The implication here is that Pouch is great on its own, but far better when combined with an Unbind or three:

  • For high-volume magic armies, Pouch will outright stop some casts right in their tracks (just by doing what it does at face value).
  • For the spells it doesn’t stop, you will usually be primed to selectively Unbind with your PMDs (which they themselves can’t risk using).

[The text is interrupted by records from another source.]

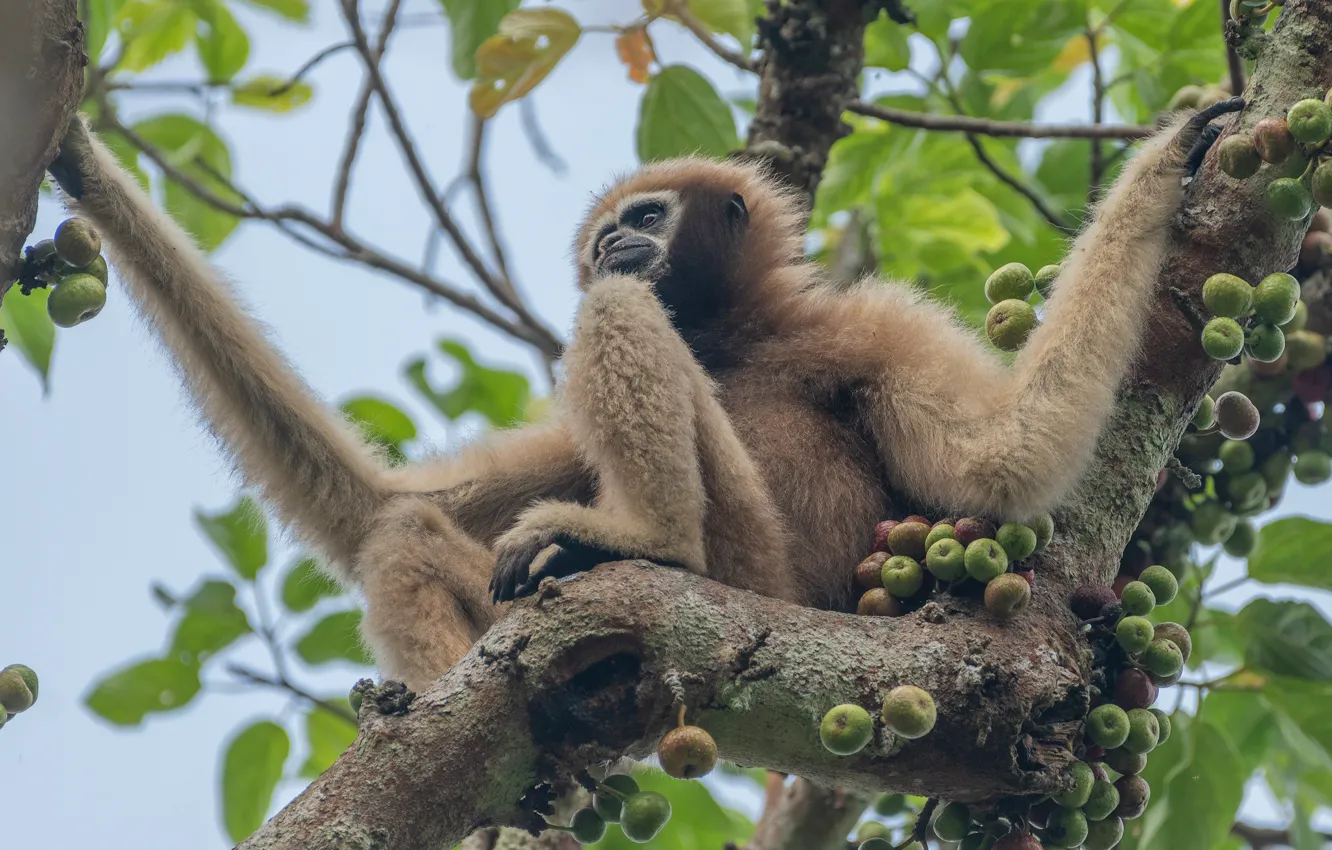 Photo wallpaper leaves, trees, branches, fruit, monkey, sitting, Gibbon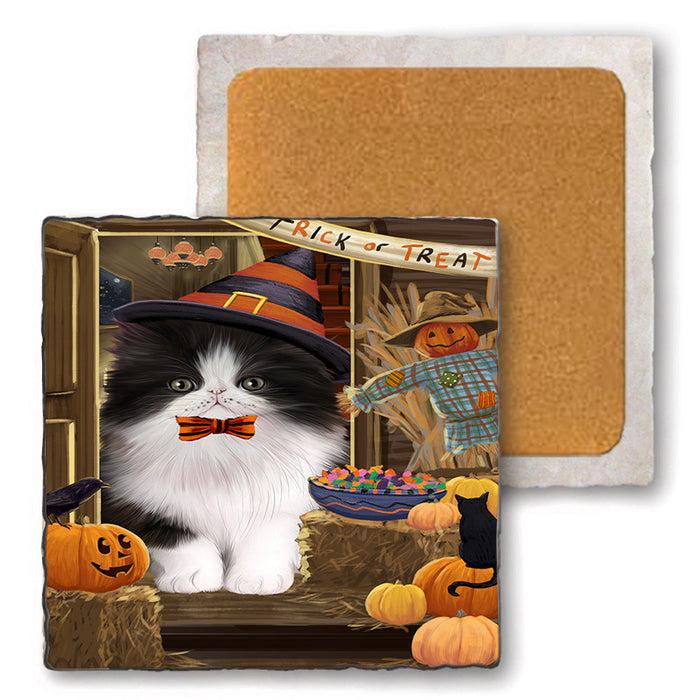 Enter at Own Risk Trick or Treat Halloween Persian Cat Set of 4 Natural Stone Marble Tile Coasters MCST48213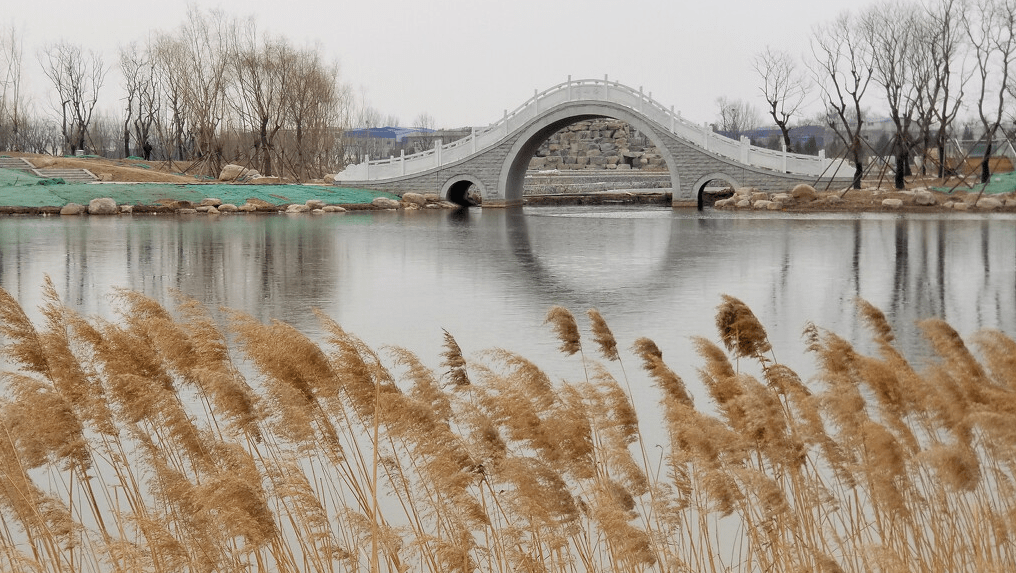 定国湖平原新区凤湖牧野湖还有夏荷公园卫河公园,向阳公园,平原湖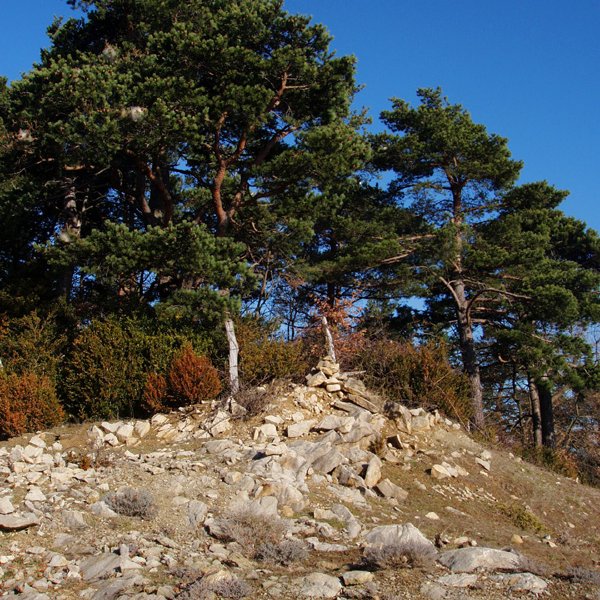 Maliturri (Kozkorro)ko gailurra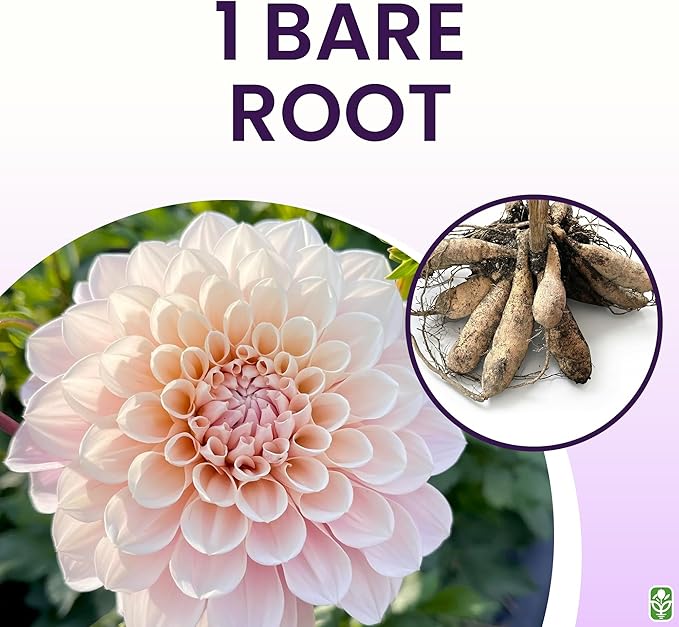 Sweet Miss Nathalie Pink Dahlia - 5 Gallon Size Bare Root Tuber - Beautiful Pink Blooms for Spring Planting 2025 - Large Tuber for Vibrant Garden Displays
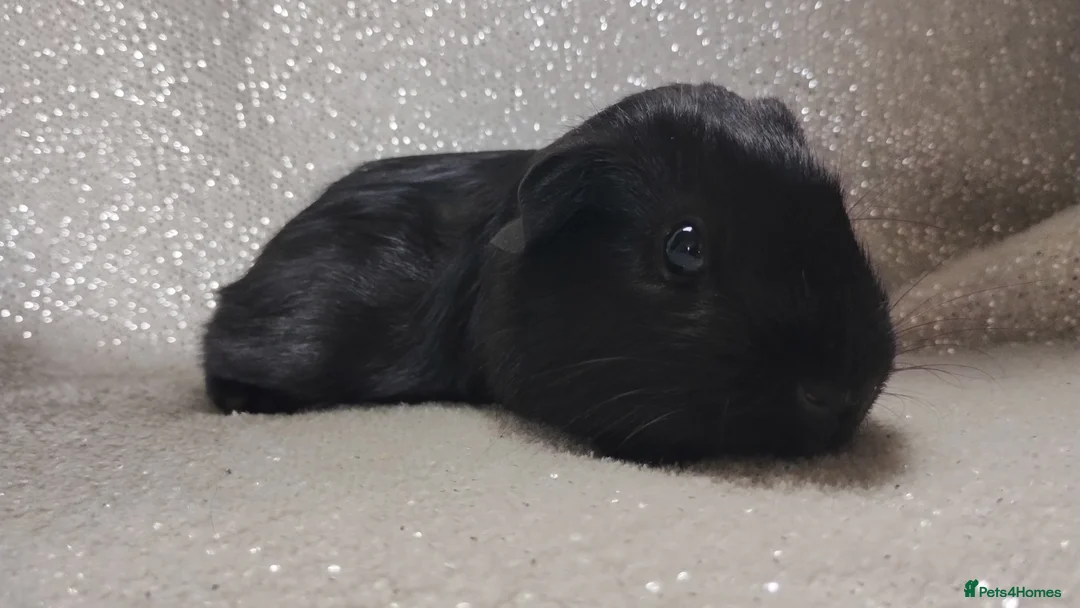 Guinea Pig rodents for sale: Lonely male baby guinea pig Ready now - Advert 1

So you really are in great shape whichever way you look at it – to stem the flow of volume casting, as well as pinch-hitting individual key spells.  You’ll want to use the Heroic Willpower action on the turn you pop the Pouch, and potentially bring in other sources of Unbinds too – more on this to come.

Alternative Paths

Now, while the one climactic megacast is one aspect we will see, it’s not the only aspect to magic vs anti-magic that we need to prepare for.  You’ve also got to consider whether your general anti-magic will work at all:

  • Null Myriad or Stormdrake players might be patting themselves on the back and thinking “none of this will apply to me” because they can just shrug the likes of Blizzard.  That’s going to blow up in their face big time when they get rinsed by Zombies with Hoarfrost.  Spell ignores are dope, but only for the aggressive half of the magic minigame: they won’t do shit against buffing spells.
  • On the subject of buffing spells, those jacked up super-Unbinds or even Knight Incantors are great for defusing a Mortal Wound bomb that’s right up in your business, but they won’t help you much against spells that are out of Unbind range.  I like having redundancy on Hand of Gork in my lists for example, so I can backboard one cheeky boi and cast the most important spell from way out back. 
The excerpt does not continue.